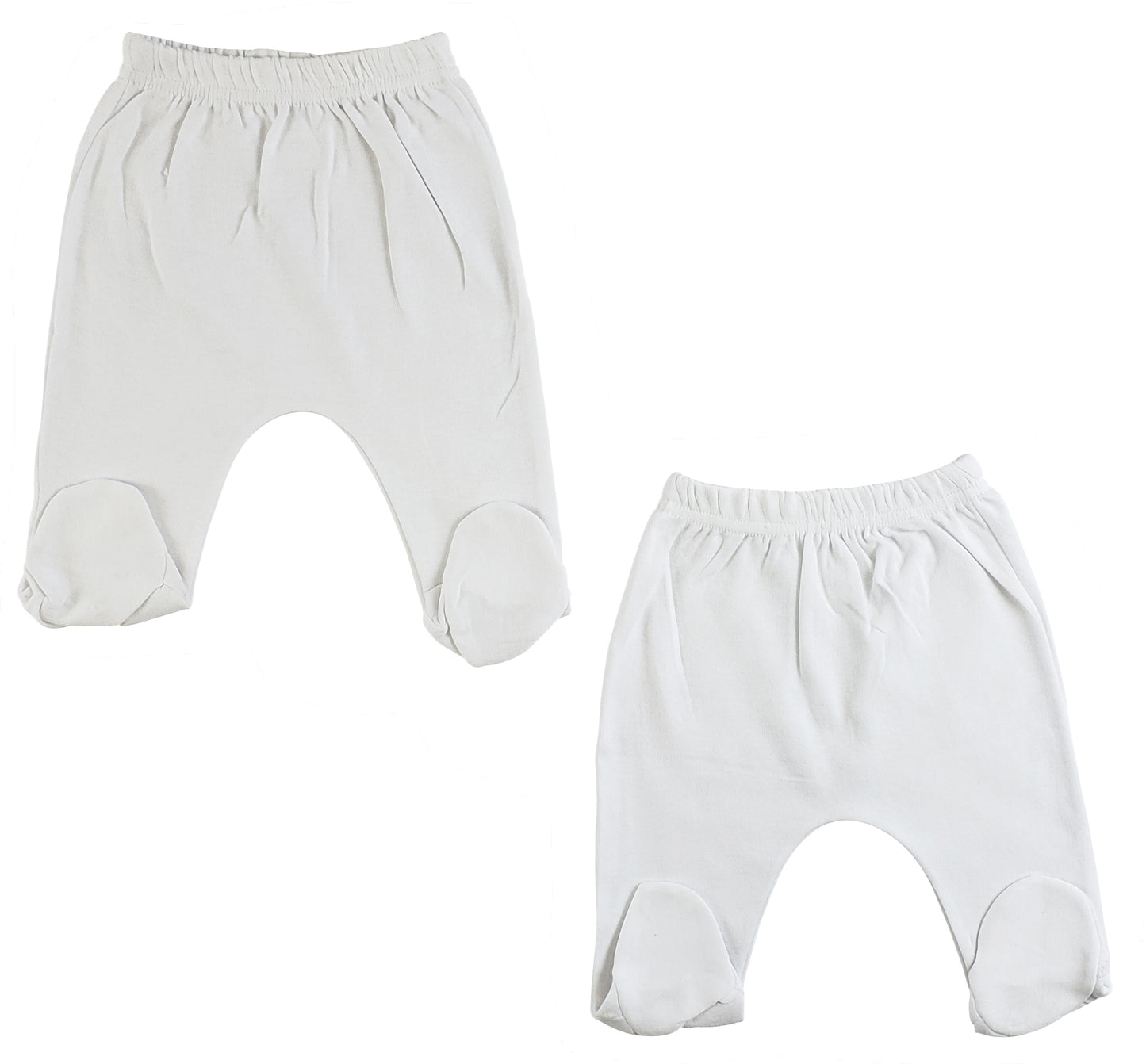 White Closed Toe Pants - 2 Pack CS_0537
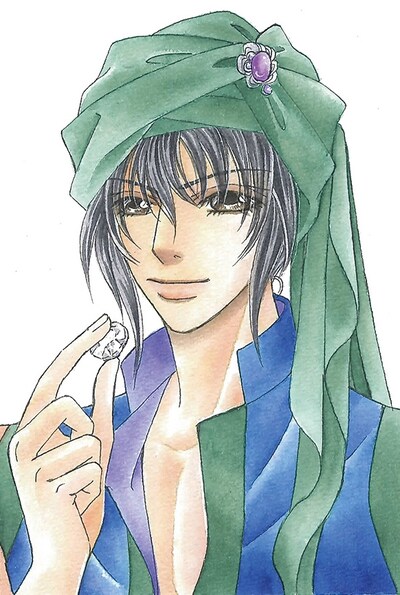 冬木るりか「宝石奇談」のカット。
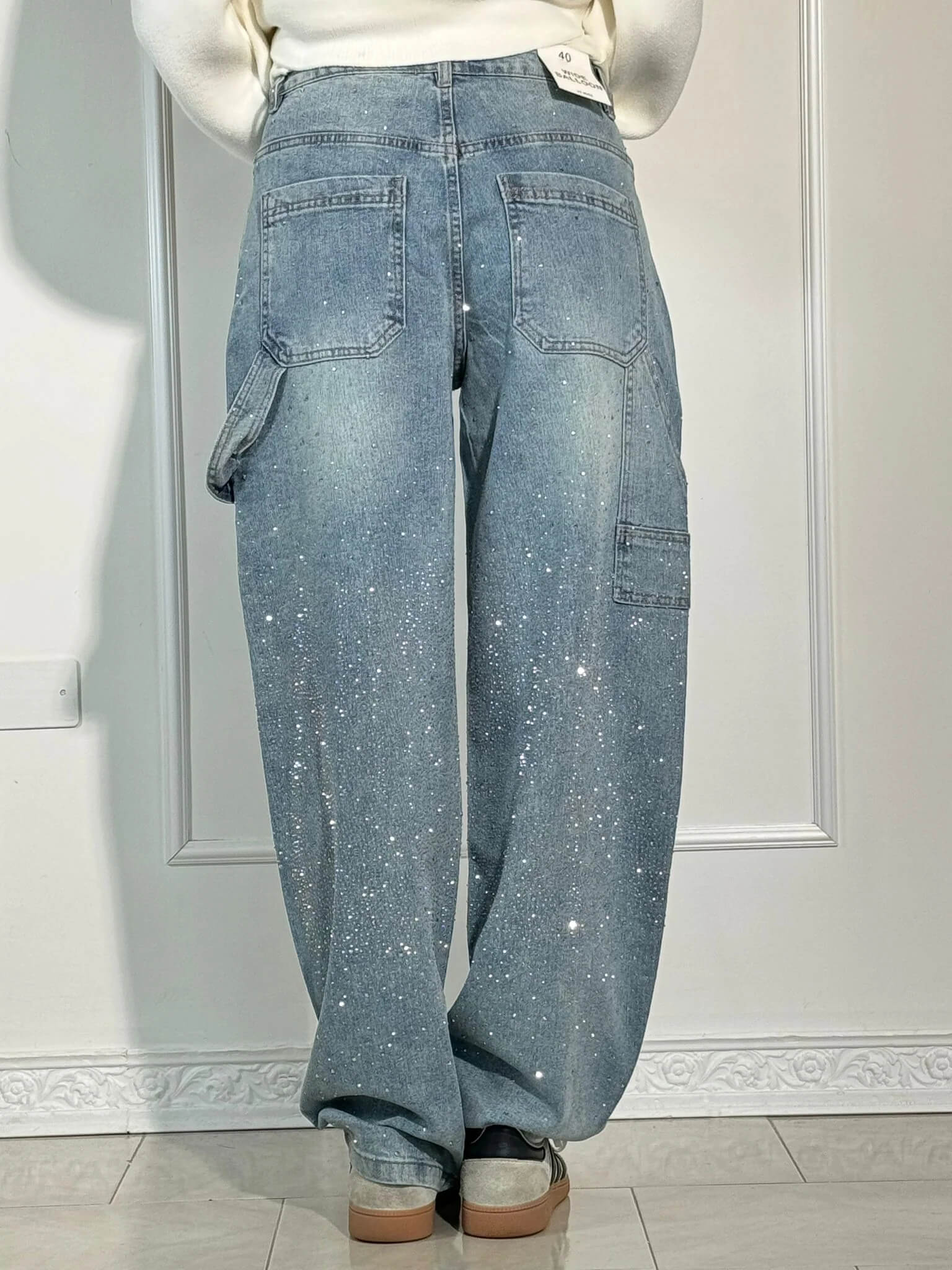 Glänzende Carpenter-Style Denim-Jeans - Image 6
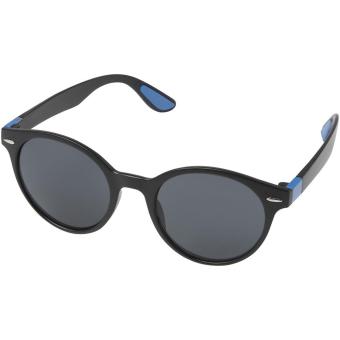 Steven round on-trend sunglasses Midnight Blue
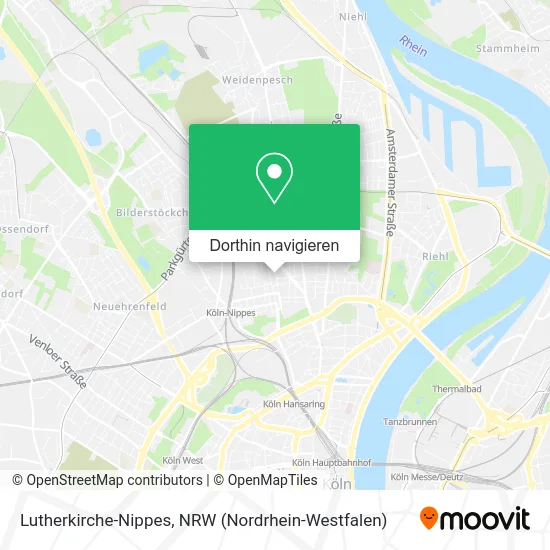 Lutherkirche-Nippes Karte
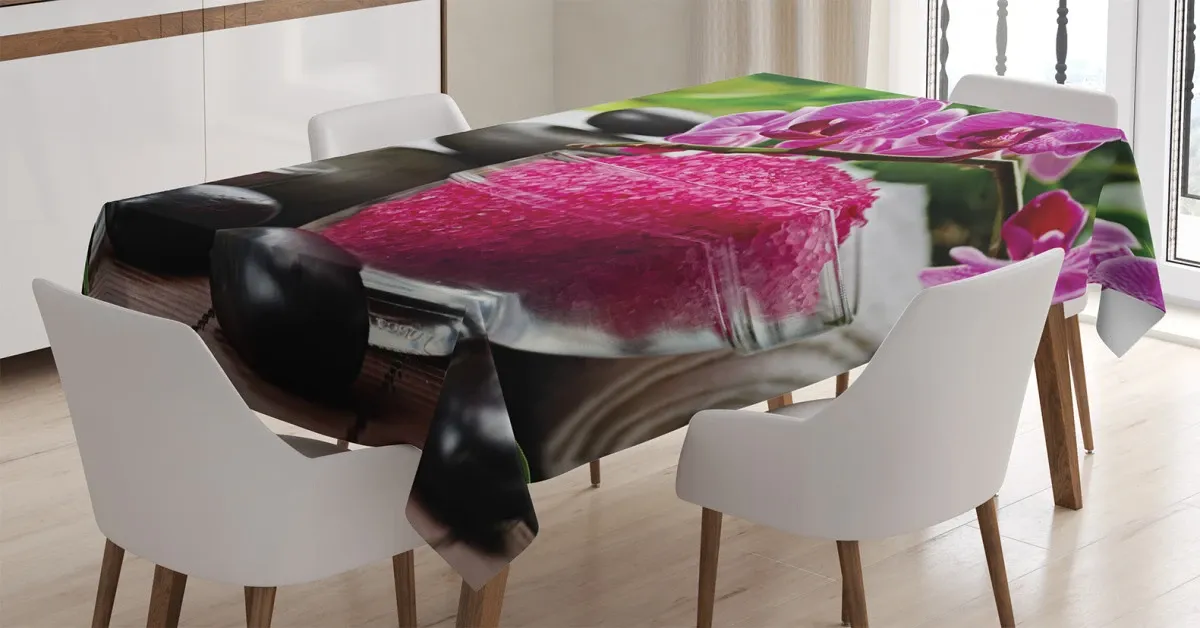 black stones asian 3d printed tablecloth table decor 7401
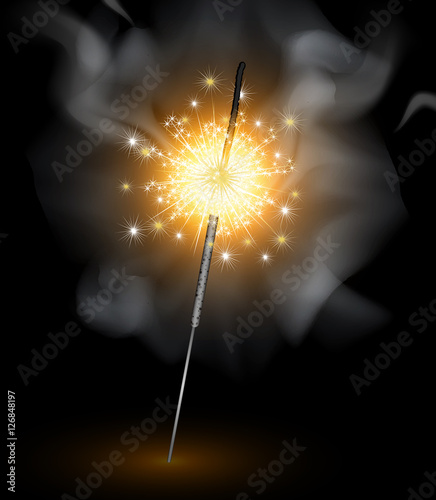 Sparklers on black background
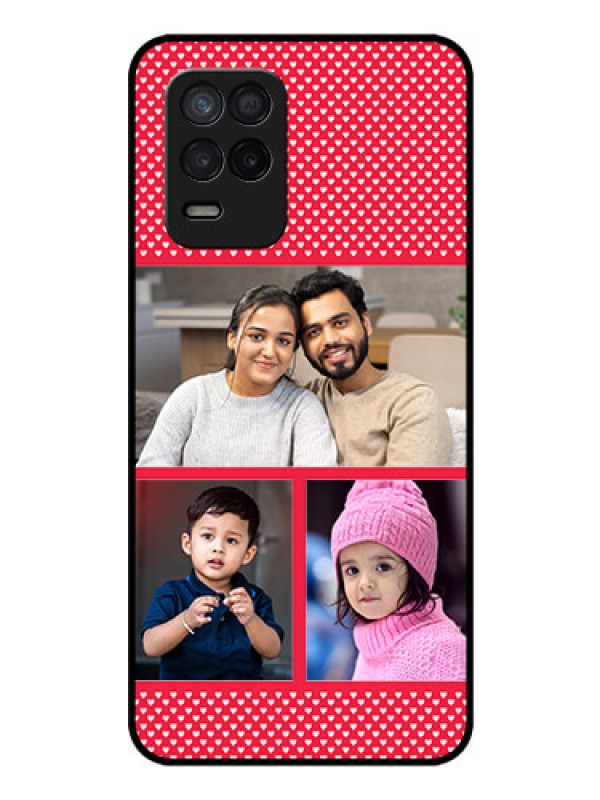 Custom Realme 8s 5G Personalized Glass Phone Case - Bulk Pic Upload Design
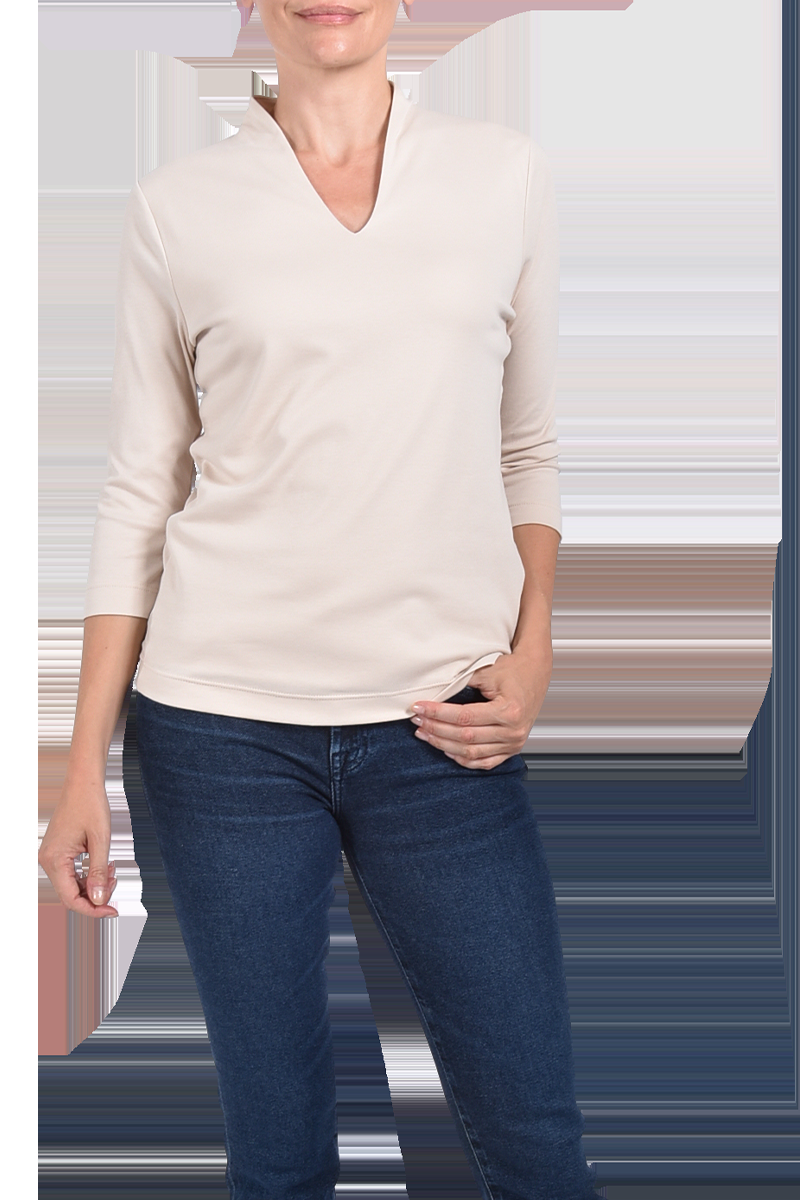 EFIXELLE Kelchkragenshirt Aus Baumwolle Von EFIXELLE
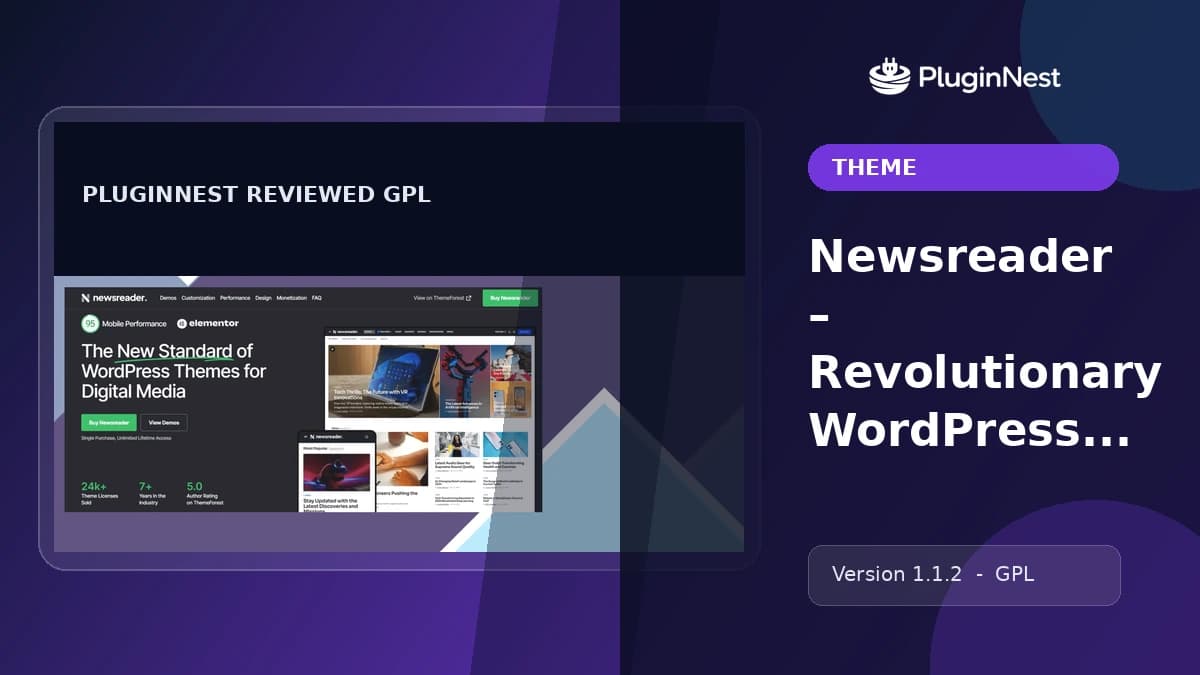 Newsreader – Revolutionary WordPress Theme product cover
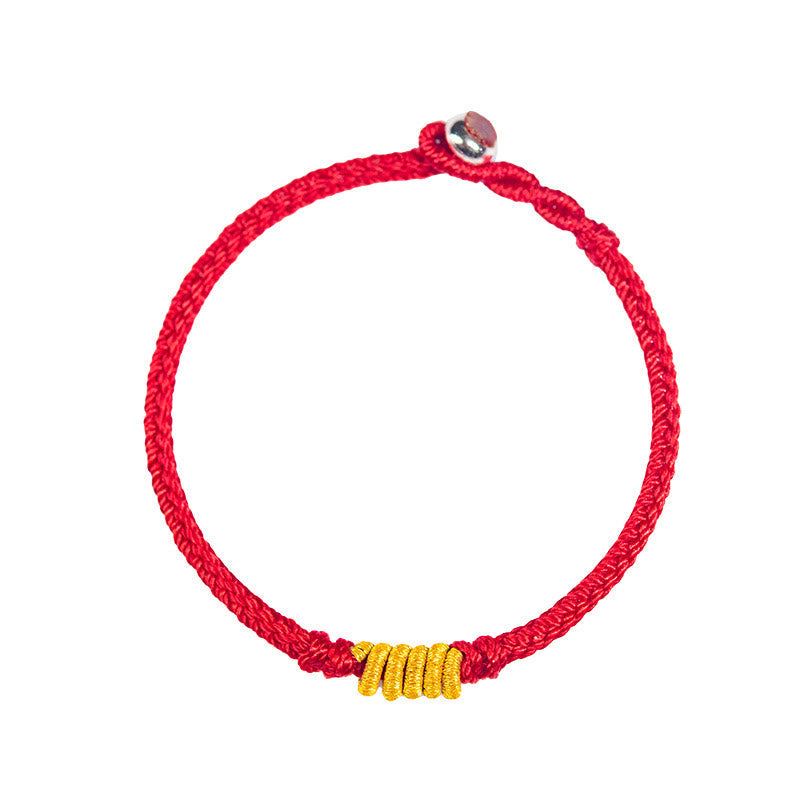 Red String Protection Bracelet with King Kong Knot for Luck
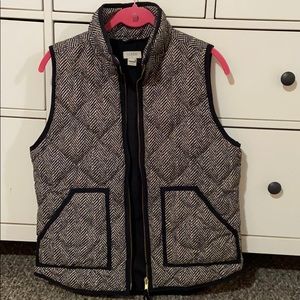 J Crew herringbone down vest.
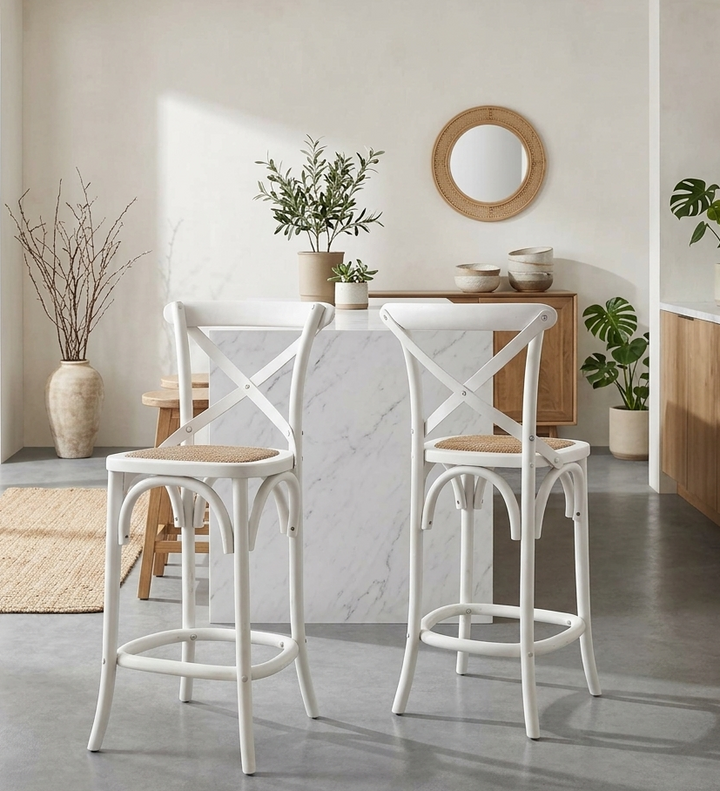 Bramwell Counter Stool - White Denmark Home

PROBLEM TO WORK ON:
Every line from the one that holds "Red String Protection" to the end of the listing should be output exactly, with pictures left out, please.

EXERCISE OUTPUT:
 Red String Protection Bracelet with King Kong Knot for Luck
 J Crew herringbone down vest.
 Bramwell Counter Stool - White Denmark Home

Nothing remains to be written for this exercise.